The right to a open court includes access "to the court’s proceedings, records and exhibits" as well as the right to copy and distribute the information.[6]

All examinations of witnesses must be done in open court.[7]

Burden or Onus
The burden will be upon the person who attempts to deny access to court information.[8]

There is a presumption that Courts are open including their exhibits and records.[9]

Standard
At common law, a publication ban should only be ordered where the Dagenais-Mentuck test is satisfied which requires:[10]

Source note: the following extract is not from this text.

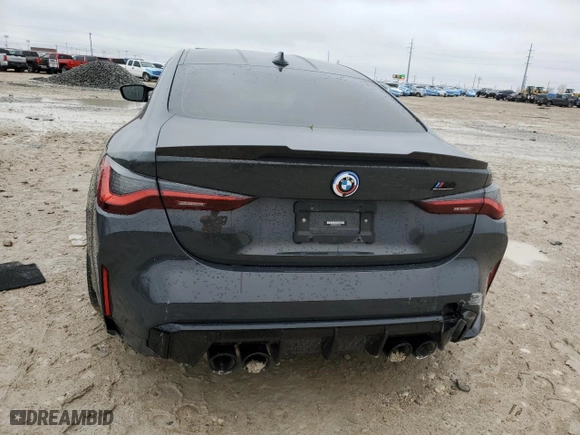 2022 BMW M4 Competition with VIN WBS33AZ00NCK97024, listed as a Copart auction lot 43814685 with NaN miles and Salvage Title. Bid and sale history available at carsss.com. Image 6.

  1. such an order is necessary in order to prevent a serious risk to the proper administration of justice because reasonably alternative measures will not prevent the risk; and
  2. the salutary effects of the publication ban outweigh the deleterious effects on the rights and interests of the parties and the public, including the effects on the right to free expression, the right of the accused to a fair and public trial, and the efficacy of the administration of justice.

Restrictions will be in the public interest where it is necessary to:[11]

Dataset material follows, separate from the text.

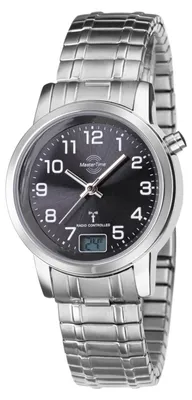 Produktbild von MasterTime Damenuhr MTLA-10309-22M, Funk, analog-digital, Edelstahl-Zugband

  • protect the innocent from unnecessary harm
  • prevent significant harm to the victim or to witnesses
  • "safeguarding privacy interests" of victims to encourage reporting of sexual offences
  1. A.G. (Nova Scotia) v MacIntyre, 1982 CanLII 14 (SCC), [1982] 1 SCR 175 per Dickson CJ ("Where there is no publicity there is no justice. Publicity is the very soul of justice. It is the keenest spur to exertion and the surest of all guards against improbity. It keeps the judge himself while trying under trial.")
  2. CBC v New Brunswick (A.G.), 1996 CanLII 184 (SCC), [1996] 3 SCR 480
  3. Coltsfoot Publishing Ltd. v Foster-Jacques, 2012 NSCA 83 (CanLII), at Para. 85
    See also Vancouver Sun (Re), [2004] 2 SCR 332, 2004 SCC 43 (CanLII), at para 25
    Vickery v Nova Scotia Supreme Court (Prothonotary), per Cory J. in dissent on other issue ("If court proceedings, and particularly the criminal process, are to be accepted, they must be completely open so as to enable members of the public to assess both the procedure followed and the final result obtained. Without public acceptance, the criminal law is itself at risk.")
  4. A.G. (N.S.) v MacIntyre, ibid.
  5. A.G. (N.S.) v MacIntyre, supra
  6. E.g. R v Canadian Broadcasting Corporation, 2010 ONCA 726 (CanLII)
    Lac Amiante du Quebec Ltee v 2858-0702 Quebec Inc., 2001 SCC 51 (CanLII), [2001] 2 SCR 743
  7. Re Krakat, 1965 CanLII 358 (ON SC)
  8. MacIntyre, supra, at p. 189
  9. R v Mentuck, [2001] 3 SCR 442, 2001 SCC 76 (CanLII)
  10. R v Mentuck, 2001 SCC 76 (CanLII), [2001] 3 SCR 442, 462
    R v CBC, [2010] OJ No. 4615 (CA)(*no link)
  11. CBC v New Brunswick (A.G.)

Sub Judice

The common law principle of contempt sub judice prevents parties from from making statements to the public that are calculated to interfere with the court proceedings.[1]